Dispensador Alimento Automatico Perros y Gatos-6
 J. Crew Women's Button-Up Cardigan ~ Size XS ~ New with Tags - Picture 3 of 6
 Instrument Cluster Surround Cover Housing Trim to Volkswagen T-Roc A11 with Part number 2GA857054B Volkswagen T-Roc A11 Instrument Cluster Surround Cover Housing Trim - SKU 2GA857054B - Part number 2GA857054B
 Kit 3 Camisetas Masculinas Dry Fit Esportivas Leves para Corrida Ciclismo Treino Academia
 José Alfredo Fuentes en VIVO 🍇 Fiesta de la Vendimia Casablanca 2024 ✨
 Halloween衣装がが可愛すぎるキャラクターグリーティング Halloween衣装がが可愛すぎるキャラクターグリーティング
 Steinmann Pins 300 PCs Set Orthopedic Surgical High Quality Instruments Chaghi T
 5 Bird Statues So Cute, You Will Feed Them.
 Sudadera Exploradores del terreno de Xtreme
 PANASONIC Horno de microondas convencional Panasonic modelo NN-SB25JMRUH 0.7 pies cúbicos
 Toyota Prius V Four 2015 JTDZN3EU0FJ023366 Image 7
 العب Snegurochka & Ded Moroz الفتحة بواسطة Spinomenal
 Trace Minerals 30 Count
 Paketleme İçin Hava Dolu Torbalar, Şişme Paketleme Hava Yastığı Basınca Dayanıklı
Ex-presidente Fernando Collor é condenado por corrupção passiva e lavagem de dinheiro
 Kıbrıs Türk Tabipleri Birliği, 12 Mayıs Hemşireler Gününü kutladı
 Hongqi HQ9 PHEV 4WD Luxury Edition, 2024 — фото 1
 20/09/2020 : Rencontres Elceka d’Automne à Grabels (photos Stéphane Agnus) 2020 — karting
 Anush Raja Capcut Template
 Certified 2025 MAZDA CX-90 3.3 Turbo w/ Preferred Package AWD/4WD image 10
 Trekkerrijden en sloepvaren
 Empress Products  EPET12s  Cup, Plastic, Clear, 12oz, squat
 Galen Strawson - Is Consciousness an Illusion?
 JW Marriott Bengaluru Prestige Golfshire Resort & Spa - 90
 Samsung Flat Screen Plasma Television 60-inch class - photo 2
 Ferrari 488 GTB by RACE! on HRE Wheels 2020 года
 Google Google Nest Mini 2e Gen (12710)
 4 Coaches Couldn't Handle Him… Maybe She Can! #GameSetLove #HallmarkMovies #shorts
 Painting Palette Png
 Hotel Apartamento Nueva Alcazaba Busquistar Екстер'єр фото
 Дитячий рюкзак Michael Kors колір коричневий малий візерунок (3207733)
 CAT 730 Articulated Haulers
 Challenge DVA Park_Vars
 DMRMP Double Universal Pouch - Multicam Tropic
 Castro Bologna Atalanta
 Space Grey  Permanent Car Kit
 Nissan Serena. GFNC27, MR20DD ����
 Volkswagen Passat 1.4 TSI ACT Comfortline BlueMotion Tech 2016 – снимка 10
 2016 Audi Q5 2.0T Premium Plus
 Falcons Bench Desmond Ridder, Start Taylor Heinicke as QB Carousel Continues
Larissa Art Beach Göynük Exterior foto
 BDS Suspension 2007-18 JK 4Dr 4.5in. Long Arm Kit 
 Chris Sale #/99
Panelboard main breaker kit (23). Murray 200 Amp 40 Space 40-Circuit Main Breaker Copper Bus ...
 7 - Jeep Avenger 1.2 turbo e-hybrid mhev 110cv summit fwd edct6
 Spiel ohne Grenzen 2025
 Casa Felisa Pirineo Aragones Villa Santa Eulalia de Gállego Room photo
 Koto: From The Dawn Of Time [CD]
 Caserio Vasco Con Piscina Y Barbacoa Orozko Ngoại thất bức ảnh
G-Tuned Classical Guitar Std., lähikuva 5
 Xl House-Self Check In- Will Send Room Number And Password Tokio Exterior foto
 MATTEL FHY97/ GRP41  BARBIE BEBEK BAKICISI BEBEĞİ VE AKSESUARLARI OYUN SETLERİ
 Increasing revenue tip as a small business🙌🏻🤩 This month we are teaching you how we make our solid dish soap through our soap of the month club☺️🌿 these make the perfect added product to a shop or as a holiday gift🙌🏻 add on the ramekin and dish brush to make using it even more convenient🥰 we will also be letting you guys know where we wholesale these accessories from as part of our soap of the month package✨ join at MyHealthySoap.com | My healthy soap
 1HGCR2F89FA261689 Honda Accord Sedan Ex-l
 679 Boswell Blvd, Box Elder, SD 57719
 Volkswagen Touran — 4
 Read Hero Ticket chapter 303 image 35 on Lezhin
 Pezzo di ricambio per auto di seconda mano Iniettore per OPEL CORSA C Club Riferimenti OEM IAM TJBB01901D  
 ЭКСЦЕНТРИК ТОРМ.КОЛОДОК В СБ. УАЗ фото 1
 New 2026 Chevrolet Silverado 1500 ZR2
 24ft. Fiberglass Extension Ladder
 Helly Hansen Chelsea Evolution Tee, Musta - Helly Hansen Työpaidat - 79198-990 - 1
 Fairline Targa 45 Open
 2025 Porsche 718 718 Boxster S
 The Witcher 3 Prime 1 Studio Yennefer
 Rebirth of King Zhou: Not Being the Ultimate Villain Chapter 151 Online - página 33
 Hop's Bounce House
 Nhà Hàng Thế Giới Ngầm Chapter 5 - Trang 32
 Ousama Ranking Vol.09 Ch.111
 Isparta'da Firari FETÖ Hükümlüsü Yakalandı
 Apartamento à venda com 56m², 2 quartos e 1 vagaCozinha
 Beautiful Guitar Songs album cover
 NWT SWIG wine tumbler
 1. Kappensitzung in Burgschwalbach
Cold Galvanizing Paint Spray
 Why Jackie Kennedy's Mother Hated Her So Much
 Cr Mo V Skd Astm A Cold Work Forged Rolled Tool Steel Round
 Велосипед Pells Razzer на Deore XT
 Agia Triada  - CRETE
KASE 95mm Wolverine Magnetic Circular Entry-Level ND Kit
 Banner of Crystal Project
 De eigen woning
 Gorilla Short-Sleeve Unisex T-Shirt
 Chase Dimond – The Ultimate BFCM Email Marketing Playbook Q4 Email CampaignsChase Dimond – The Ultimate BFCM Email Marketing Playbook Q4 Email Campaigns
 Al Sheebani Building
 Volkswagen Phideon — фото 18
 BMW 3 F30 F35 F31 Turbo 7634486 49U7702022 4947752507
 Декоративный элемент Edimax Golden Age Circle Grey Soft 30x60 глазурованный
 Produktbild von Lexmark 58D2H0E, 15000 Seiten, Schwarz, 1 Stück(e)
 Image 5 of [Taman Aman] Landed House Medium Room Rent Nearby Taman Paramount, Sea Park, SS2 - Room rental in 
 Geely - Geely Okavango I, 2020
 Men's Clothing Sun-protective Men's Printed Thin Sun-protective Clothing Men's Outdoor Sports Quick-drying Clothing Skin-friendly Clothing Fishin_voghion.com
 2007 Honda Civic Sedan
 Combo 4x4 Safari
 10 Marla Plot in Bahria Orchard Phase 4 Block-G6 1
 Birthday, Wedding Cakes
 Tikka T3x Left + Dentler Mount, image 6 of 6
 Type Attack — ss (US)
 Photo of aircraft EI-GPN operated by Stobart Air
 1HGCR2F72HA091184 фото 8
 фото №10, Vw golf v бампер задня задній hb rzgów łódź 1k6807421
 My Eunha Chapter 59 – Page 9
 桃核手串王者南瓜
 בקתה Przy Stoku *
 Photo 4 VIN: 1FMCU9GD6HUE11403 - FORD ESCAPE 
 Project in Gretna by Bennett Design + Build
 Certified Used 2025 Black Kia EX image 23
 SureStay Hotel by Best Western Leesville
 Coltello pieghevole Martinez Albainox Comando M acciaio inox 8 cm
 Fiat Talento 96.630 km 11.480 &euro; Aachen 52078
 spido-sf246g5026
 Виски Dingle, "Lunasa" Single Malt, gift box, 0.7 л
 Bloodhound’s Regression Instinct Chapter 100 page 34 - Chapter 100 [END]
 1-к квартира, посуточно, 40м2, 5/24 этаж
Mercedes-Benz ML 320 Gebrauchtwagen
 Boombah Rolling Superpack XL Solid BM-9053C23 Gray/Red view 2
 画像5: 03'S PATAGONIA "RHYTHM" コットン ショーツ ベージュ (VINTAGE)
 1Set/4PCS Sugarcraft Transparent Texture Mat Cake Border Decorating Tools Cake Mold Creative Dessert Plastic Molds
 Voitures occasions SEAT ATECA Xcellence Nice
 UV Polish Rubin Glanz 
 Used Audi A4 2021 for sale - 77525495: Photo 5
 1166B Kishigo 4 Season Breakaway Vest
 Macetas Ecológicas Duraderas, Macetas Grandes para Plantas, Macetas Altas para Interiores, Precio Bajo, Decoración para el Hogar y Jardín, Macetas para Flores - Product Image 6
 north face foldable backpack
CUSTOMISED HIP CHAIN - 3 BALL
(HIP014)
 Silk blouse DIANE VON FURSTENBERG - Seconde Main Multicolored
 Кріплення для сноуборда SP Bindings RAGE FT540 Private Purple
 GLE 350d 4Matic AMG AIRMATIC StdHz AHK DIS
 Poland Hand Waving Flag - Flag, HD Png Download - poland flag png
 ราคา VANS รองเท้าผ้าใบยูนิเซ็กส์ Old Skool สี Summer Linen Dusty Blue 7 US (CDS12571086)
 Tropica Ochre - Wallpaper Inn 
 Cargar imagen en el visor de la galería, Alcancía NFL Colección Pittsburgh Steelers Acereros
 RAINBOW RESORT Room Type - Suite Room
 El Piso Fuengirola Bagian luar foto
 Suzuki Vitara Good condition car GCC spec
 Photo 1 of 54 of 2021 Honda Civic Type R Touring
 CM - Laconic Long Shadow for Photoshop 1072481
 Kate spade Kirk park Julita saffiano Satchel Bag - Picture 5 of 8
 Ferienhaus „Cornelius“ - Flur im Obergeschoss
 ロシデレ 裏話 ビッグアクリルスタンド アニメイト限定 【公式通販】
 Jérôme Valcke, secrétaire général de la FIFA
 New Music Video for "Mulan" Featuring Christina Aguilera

**Your objective:**
Look above for the line with "SureStay Hotel by Best Western Leesville" and the line with "Mercedes-Benz ML 320 Gebrauchtwagen"; transcribe both and all lines in between, exactly, and nothing else.

**Task answer:**
 SureStay Hotel by Best Western Leesville
 Coltello pieghevole Martinez Albainox Comando M acciaio inox 8 cm
 Fiat Talento 96.630 km 11.480 &euro; Aachen 52078
 spido-sf246g5026
 Виски Dingle, "Lunasa" Single Malt, gift box, 0.7 л
 Bloodhound’s Regression Instinct Chapter 100 page 34 - Chapter 100 [END]
 1-к квартира, посуточно, 40м2, 5/24 этаж
Mercedes-Benz ML 320 Gebrauchtwagen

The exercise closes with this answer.